Without a doubt, the value of a channel is directly linked with the value of its content. The traditional model of broadcasting is based on single source content production. It simply doesn’t allow people any control over what, how and where they can receive content. The channel provider solely manages the value of what's broadcast.
However, since the birth of digital technologies and peer-to-peer connectivity, people have begun to take more and more control over content and the channels broadcasting it. They can stop it, add to it, create it and above all share it with other people. In doing so, instead of seeking expert advice from brands or organisations, they are reaching out to people who they trust through personal or new, network-based interactions.
In this shift of power from corporate to people, brands are still struggling to understand that attention can no longer be bought. A recent infographic on mashable.com reveals that 86% of people skip television ads, 200 million Americans have registered their numbers on FTC’s ‘DO NOT CALL’ list, 91% of email users have unsubscribed from a company that they previously opted into, 44% of direct mail is never opened and 84% of 25- 34 year-olds have left a favourite website because of intrusive or irrelevant advertising.
When brands are no longer able to buy people’s attention, the only choice they are left with is to earn it. However, the problem with earning attention is that it cannot be bought. There’s no schedule for it and you can’t plan it like bought media. Sometimes, brands confuse earning attention as free media. This is dangerous. Earning attention is by no means is free. It requires dedication, resource allocation, time and risk. However, if brands are serious about earning attention then it can grant them not only true customer attention, but also offer a much better ROI. In terms of effectiveness, earned media costs 62% less per lead than bought media.
Soon, earning attention will no longer be a choice for brands. The increase in the number of channels that people use as well as the costs of multiplication of brand messages across different channels will make buying media space not only complex for brands, but also very costly.
In the future, smarter firms will increasingly invest in earning customers' attention through satisfying their social needs, thus utilising online social connections to communicate brands and products.
With the introduction of technologies such as Verizon Widget Bazaar Applications, which allow viewers to connect with others while viewing television and watch web-based videos, brands have already started to change passive TV viewing into a social experience, available on biggest screens available in the house.
Brands are no longer able to dictate to, dominate, or intrude upon people as they once did through buying attention. In order to maintain their credibility as well as their popularity, brands need to be liked by people at the same time as remaining accessible to them.

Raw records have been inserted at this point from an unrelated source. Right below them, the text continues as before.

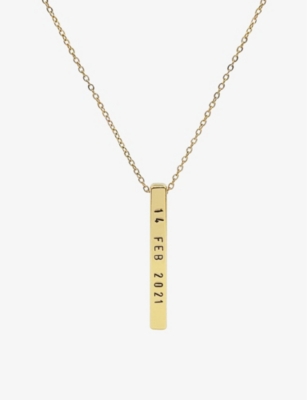 LITTLESMITH: Personalised 13 characters gold-plated vertical bar necklace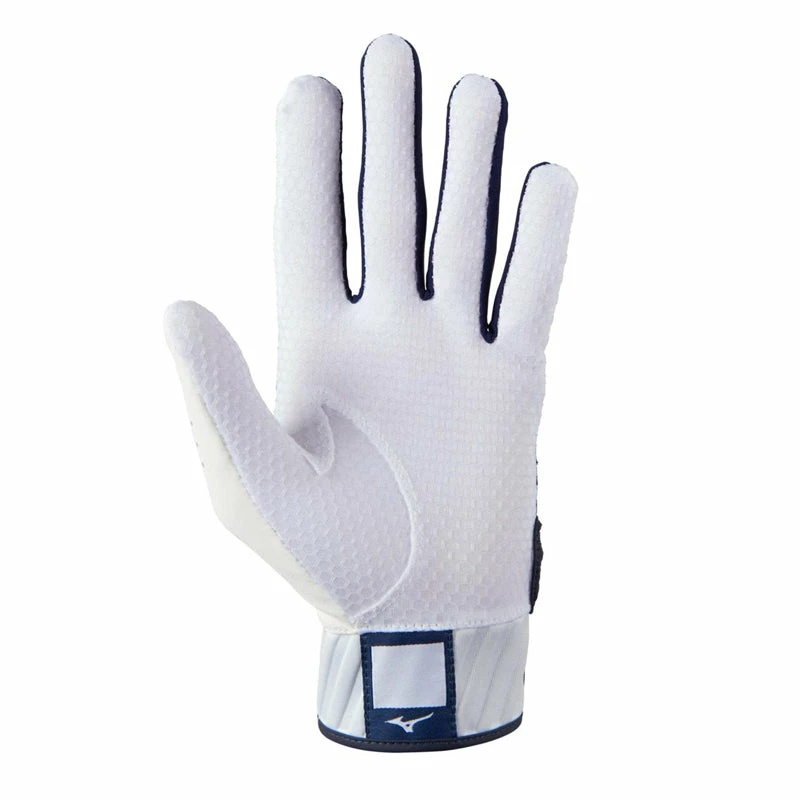 Mizuno Youth MVP Batting Gloves - White/Navy 2 Mizuno Youth MVP Batting Gloves - White/Navy - Image 2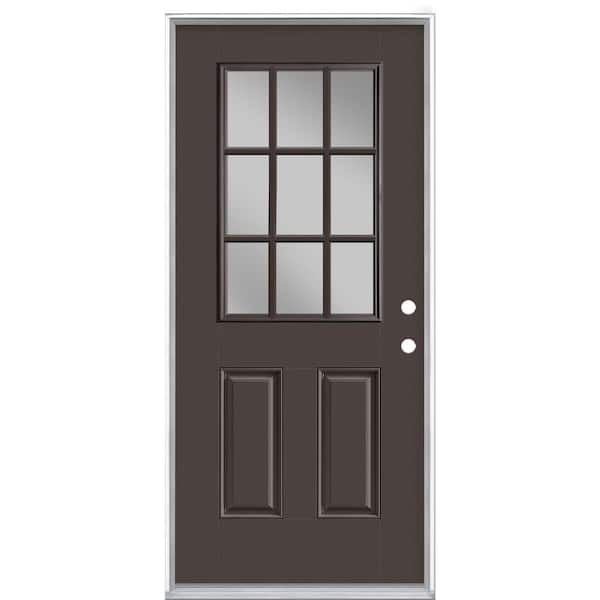 Masonite 36 in. x 80 in. 9 Lite Willow Wood Left Hand Inswing Painted Smooth Fiberglass Prehung Front Door with No Brickmold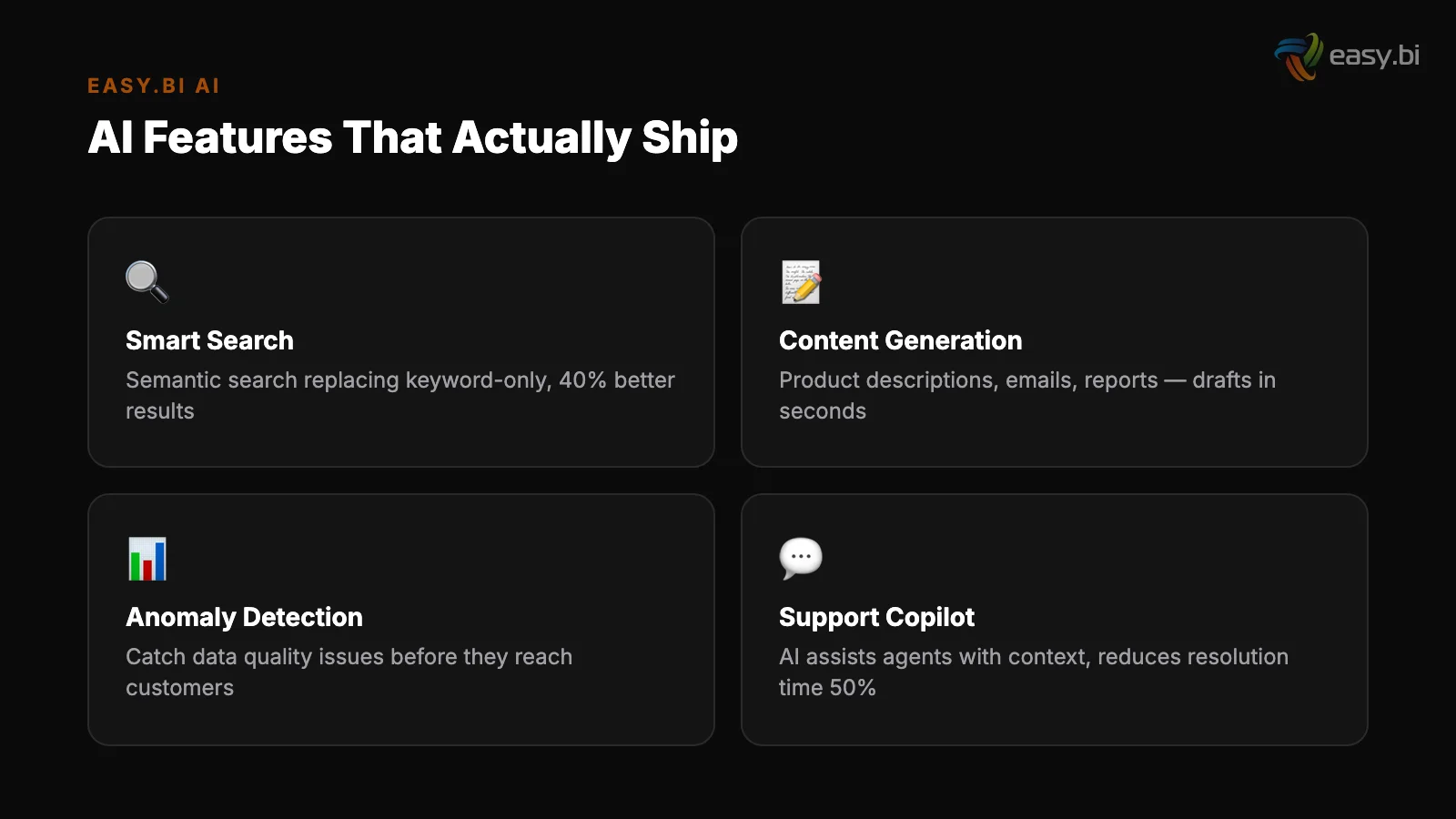 Infographic: comparison and analysis for ai features existing products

Relationships are earned not bought. The buying mind-set of brands is no longer relevant for environments where people share their social lives. Embedding brands in people's lives through utilising their social needs is the most effective way for brands to earn their place in always-on, socially connected lifestyles. This is because, as ever, people trust and value those who they know (as part of their social circle) over messages generated purely to buy their attention.